There has been an unprecedented rise of crimes like robbery, theft, illegal trafficking of narcotic drugs and liquor, smuggling of pornographic films, prostitution rackets and human trafficking, etc. in the border areas of Nagaland, Manipur, Mizoram, and Karimganj district of Assam’s Barak Valley. After Dimapur, it is Kohima, Nagaland’s state capital, that has become the second biggest haven for illegal migrant Muslims who occupy most of the shops in the main market, PR Hills and other localities. On September 21, 2017, a Naga family was attacked by a group of non-Nagas (allegedly all of whom were Muslims) in the town of Chumukedima, situated at a distance of 14 km from Nagaland’s commercial hub, i.e., Dimapur.
The map depicts Assam’s Barak Valley bordering Bangladesh and Mizoram: A Conflict-Prone Area
One of their common strategies to change the demography of the region has been to marry the local Angami Naga girls by wooing them through whatever means, and become the sons-in-law of the Naga people. After that, they gradually begin to spread to the neighbouring district areas such as Mokokchung, Wokha, Zunheboto, Phek, Mon, and Tuensang, which have also registered a sharp rise in the crime graph statistics since the past few years. They are now sneaking into several interior areas of Nagaland too. In places like Jalukie in the Zeliang area, Naginimora, Tizit and other areas of Nagaland, the presence of the rapidly burgeoning population of Muslims is being increasingly felt by the local Naga populace.

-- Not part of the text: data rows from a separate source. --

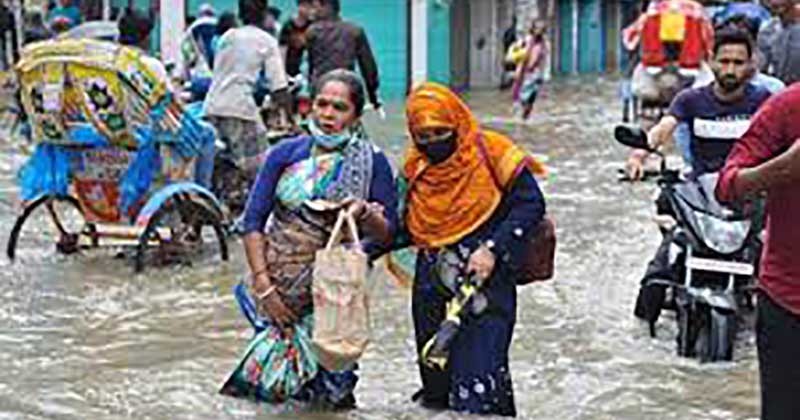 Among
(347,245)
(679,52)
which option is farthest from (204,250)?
(679,52)

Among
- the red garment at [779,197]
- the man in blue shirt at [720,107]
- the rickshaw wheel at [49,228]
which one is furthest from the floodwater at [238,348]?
the red garment at [779,197]

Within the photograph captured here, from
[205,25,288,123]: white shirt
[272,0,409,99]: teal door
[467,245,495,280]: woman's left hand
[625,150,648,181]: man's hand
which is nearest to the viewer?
[467,245,495,280]: woman's left hand

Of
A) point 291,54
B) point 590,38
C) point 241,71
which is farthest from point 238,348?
point 590,38

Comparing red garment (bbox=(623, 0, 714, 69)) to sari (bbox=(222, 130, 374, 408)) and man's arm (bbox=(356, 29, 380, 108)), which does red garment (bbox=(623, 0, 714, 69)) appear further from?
sari (bbox=(222, 130, 374, 408))

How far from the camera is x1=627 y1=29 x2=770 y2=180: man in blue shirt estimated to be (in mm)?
7855

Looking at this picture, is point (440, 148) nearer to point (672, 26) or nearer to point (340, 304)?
point (340, 304)

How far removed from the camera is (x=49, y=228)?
12.4 m

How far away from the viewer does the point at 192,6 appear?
26.6 m

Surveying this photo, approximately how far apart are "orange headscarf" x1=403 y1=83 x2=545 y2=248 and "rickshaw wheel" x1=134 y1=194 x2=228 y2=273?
4.11 metres

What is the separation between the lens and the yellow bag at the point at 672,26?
17.1 m

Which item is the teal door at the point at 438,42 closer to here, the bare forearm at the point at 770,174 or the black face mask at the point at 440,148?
the black face mask at the point at 440,148

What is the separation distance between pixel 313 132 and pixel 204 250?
4844 mm

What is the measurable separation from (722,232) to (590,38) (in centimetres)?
3321

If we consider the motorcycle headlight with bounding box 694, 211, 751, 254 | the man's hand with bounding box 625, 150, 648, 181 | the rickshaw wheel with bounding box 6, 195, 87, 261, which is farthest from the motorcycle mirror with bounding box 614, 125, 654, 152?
the man's hand with bounding box 625, 150, 648, 181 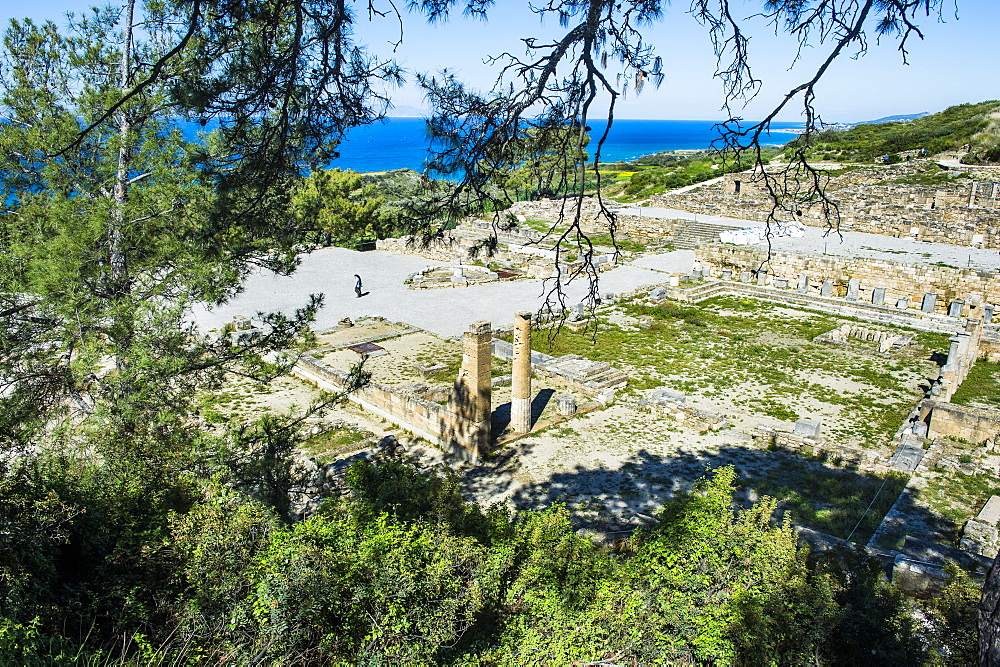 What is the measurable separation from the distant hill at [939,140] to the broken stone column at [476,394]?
115 feet

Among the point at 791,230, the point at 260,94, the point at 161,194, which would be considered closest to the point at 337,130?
the point at 260,94

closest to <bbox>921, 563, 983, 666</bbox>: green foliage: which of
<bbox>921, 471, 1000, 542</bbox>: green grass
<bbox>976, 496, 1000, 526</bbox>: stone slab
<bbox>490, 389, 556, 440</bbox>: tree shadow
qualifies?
<bbox>976, 496, 1000, 526</bbox>: stone slab

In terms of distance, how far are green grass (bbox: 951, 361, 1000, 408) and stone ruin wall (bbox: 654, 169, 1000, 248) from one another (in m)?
9.48

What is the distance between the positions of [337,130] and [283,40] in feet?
3.84

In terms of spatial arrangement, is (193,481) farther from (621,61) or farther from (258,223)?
(621,61)

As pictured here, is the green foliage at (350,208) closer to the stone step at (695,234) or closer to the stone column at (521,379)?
the stone step at (695,234)

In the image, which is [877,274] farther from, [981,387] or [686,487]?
[686,487]

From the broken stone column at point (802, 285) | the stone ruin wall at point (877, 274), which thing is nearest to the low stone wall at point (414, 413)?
the stone ruin wall at point (877, 274)

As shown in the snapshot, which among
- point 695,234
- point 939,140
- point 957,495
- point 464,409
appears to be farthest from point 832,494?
point 939,140

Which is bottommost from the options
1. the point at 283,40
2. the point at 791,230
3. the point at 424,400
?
the point at 424,400

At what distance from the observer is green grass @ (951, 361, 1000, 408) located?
1404cm

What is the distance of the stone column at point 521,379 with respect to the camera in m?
12.2

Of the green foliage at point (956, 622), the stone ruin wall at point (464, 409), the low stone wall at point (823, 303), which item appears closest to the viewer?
the green foliage at point (956, 622)

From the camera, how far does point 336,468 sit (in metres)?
10.5
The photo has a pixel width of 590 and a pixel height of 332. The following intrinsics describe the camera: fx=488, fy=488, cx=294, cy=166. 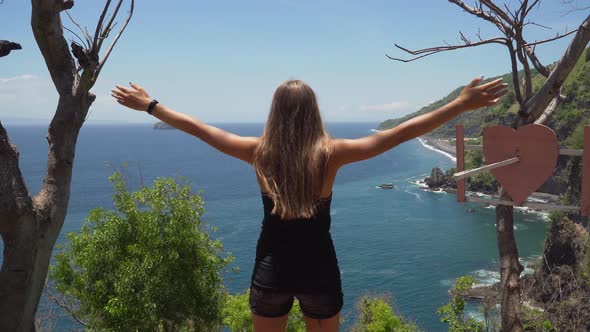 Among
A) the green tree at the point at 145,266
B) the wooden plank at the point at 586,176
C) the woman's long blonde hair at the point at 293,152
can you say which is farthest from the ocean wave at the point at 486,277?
the woman's long blonde hair at the point at 293,152

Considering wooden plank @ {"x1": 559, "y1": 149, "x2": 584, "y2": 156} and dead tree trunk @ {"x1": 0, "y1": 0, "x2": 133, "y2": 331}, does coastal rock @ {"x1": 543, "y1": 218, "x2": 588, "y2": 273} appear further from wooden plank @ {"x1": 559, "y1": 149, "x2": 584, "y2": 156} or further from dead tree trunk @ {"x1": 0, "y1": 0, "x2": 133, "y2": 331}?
dead tree trunk @ {"x1": 0, "y1": 0, "x2": 133, "y2": 331}

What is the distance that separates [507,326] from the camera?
4.73 meters

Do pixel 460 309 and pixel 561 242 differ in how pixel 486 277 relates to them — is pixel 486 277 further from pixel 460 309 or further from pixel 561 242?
pixel 460 309

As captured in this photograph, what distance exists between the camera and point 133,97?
2188mm

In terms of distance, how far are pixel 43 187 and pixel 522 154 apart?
127 inches

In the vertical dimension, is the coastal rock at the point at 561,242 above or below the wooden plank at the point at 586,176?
below

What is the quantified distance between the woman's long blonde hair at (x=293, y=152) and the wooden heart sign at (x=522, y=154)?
1.56 m

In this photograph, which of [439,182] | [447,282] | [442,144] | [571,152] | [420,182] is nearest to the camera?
[571,152]

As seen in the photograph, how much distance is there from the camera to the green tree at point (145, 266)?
8.89m

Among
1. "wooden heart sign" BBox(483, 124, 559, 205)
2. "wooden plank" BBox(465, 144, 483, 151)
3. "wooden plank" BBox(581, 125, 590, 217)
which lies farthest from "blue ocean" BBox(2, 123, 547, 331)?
"wooden plank" BBox(581, 125, 590, 217)

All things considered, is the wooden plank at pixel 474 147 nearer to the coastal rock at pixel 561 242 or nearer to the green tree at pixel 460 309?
the green tree at pixel 460 309

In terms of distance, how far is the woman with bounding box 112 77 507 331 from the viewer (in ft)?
6.04

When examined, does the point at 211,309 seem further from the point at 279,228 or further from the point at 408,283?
the point at 408,283

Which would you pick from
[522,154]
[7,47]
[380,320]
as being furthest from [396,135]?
[380,320] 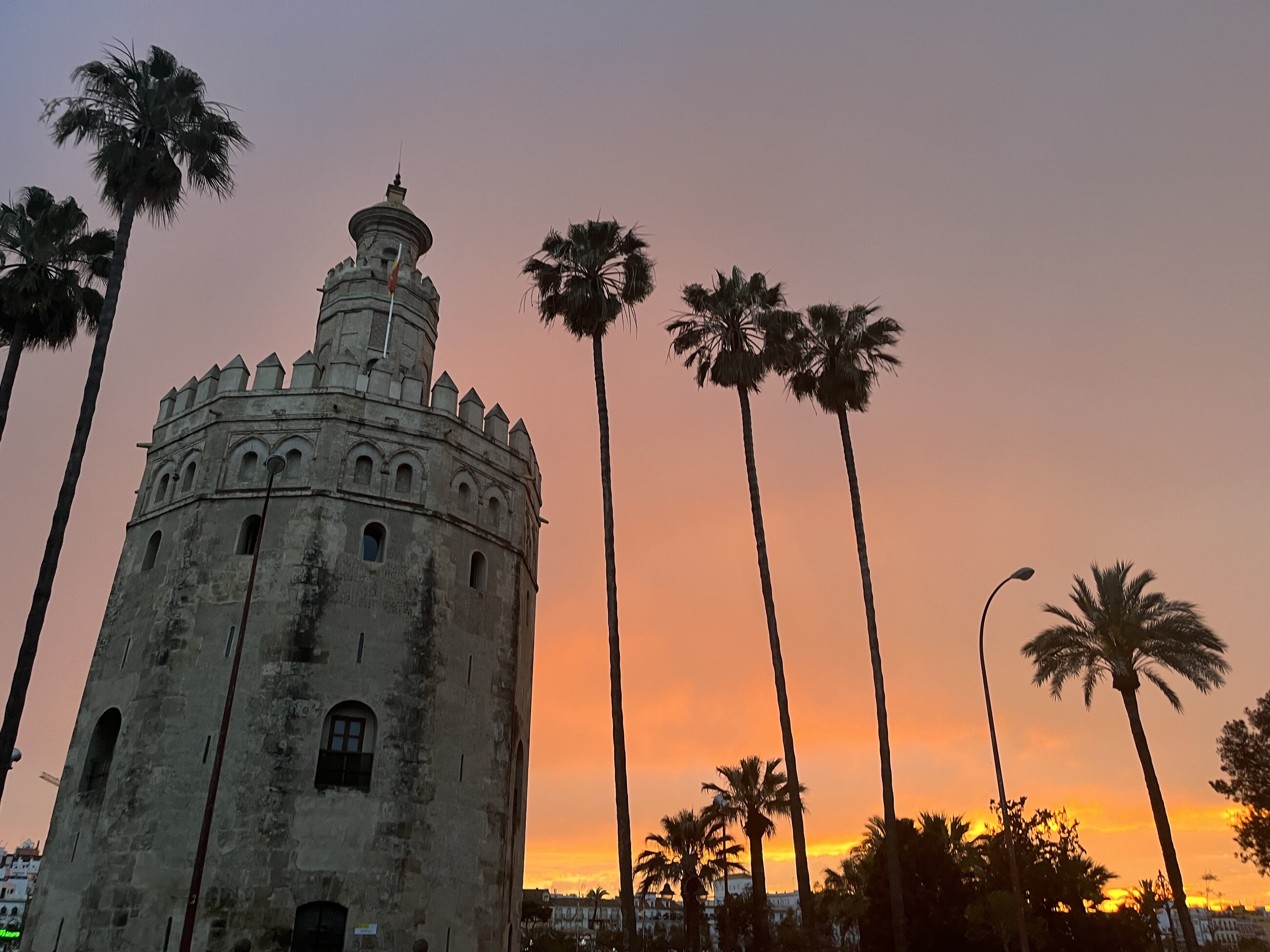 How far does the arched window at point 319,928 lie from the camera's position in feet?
68.3

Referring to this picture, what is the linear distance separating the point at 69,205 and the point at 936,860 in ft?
117

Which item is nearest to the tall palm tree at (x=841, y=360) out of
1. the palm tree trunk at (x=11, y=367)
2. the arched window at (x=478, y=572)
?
the arched window at (x=478, y=572)

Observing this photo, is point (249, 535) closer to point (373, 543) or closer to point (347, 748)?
point (373, 543)

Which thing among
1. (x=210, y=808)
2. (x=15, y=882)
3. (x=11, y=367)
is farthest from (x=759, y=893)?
(x=15, y=882)

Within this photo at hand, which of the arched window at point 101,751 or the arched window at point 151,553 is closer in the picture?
the arched window at point 101,751

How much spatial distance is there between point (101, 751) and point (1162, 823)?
3161 cm

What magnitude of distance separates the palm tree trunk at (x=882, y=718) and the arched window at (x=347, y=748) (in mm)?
13735

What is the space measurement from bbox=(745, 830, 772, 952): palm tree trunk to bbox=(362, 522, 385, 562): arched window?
2019cm

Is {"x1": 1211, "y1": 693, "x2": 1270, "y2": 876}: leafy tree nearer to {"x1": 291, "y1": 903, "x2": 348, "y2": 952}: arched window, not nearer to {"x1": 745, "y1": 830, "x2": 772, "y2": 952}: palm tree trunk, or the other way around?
{"x1": 745, "y1": 830, "x2": 772, "y2": 952}: palm tree trunk

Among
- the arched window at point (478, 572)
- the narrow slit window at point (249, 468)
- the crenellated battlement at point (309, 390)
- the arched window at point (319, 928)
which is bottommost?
the arched window at point (319, 928)

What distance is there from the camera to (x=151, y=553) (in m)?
26.5

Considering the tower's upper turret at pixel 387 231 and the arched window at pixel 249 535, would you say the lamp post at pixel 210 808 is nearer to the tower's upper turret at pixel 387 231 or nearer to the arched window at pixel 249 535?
the arched window at pixel 249 535

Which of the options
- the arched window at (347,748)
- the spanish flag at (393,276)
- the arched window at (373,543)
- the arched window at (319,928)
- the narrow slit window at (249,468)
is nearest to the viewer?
the arched window at (319,928)

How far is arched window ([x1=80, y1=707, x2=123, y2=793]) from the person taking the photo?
23328 mm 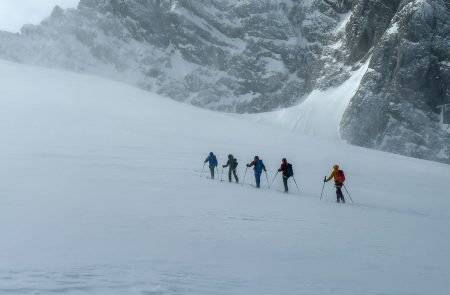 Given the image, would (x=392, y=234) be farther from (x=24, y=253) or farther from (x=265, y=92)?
(x=265, y=92)

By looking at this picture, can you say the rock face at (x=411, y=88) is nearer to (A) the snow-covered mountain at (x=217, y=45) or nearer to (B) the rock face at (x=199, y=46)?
(A) the snow-covered mountain at (x=217, y=45)

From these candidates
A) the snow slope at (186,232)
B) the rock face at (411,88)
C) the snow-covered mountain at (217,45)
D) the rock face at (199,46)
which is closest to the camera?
the snow slope at (186,232)

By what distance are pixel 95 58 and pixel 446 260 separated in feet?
530

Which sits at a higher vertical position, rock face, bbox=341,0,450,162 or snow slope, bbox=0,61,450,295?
rock face, bbox=341,0,450,162

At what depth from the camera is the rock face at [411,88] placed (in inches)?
4043

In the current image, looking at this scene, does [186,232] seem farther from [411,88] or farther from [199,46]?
[199,46]

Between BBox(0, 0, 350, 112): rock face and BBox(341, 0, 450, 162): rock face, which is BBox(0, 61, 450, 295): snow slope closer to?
BBox(341, 0, 450, 162): rock face

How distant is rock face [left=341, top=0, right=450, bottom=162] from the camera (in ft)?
337

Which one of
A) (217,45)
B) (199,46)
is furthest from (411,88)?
(199,46)

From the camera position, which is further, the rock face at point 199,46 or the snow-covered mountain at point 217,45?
the rock face at point 199,46

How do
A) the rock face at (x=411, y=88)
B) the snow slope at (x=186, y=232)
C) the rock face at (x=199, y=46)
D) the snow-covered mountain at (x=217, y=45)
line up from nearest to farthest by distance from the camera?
the snow slope at (x=186, y=232)
the rock face at (x=411, y=88)
the snow-covered mountain at (x=217, y=45)
the rock face at (x=199, y=46)

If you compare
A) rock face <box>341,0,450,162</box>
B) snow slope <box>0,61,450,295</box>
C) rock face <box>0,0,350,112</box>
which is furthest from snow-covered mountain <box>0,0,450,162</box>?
snow slope <box>0,61,450,295</box>

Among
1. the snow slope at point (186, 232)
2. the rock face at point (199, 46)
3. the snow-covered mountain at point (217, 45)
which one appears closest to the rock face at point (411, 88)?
the snow-covered mountain at point (217, 45)

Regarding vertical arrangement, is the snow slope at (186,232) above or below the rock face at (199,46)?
below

It was around the late 1990s that different students’ organisations in Nagaland had protested against the presence of these illegal Muslims. But, very soon, the agitation was silently withdrawn, reportedly due to threats from the Government of Bangladesh that it would demolish all camps of the Naga insurgent outfits established within the territory of that country if the Bangladeshi Muslims were harassed in Nagaland. On seeing such a huge growth of the Muslim population in Nagaland, the then Chief Minister of the state S.C. Jamir, had once stated – “Muslims are breeding like mosquitoes in Nagaland.”
As a result of such illegal migration of Bangladeshi Muslims, their nuptial ties with the local Naga girls and their rapid multiplication thereafter, a new community of Naga Muslims called Semiya or Sumiyas has already emerged in the state. The concentration of these Semiyas is one of the highest in Dimapur and Kohima districts. Doesn’t it point fingers towards a bigger nexus that is working day in and day out to first destabilise the North-East internally and then cut it off from the Siliguri Corridor and the rest of India under what is infamously known as ‘Operation PIN CODE’?
It requires no further repetition here that whenever Dharmic faiths begin to decline in a region, to be subsequently replaced by a foreign faith that has nothing in common with the Dharmic civilisation, conflicts begin to erupt among different groups and communities of people. In some of the worst cases, these conflicts also take the form of secessionist movements. The case of the North-East is special. Maoism funded by China has become entangled here in a vicious trap of drugs and arms smuggling from across the border with Myanmar on the one hand, and Islamic population explosion from Bangladesh and missionary activities on the other. The sensitive issue of land encroachment in this region of the country therefore needs to be holistically understood by taking note of all these diverse yet interconnected aspects.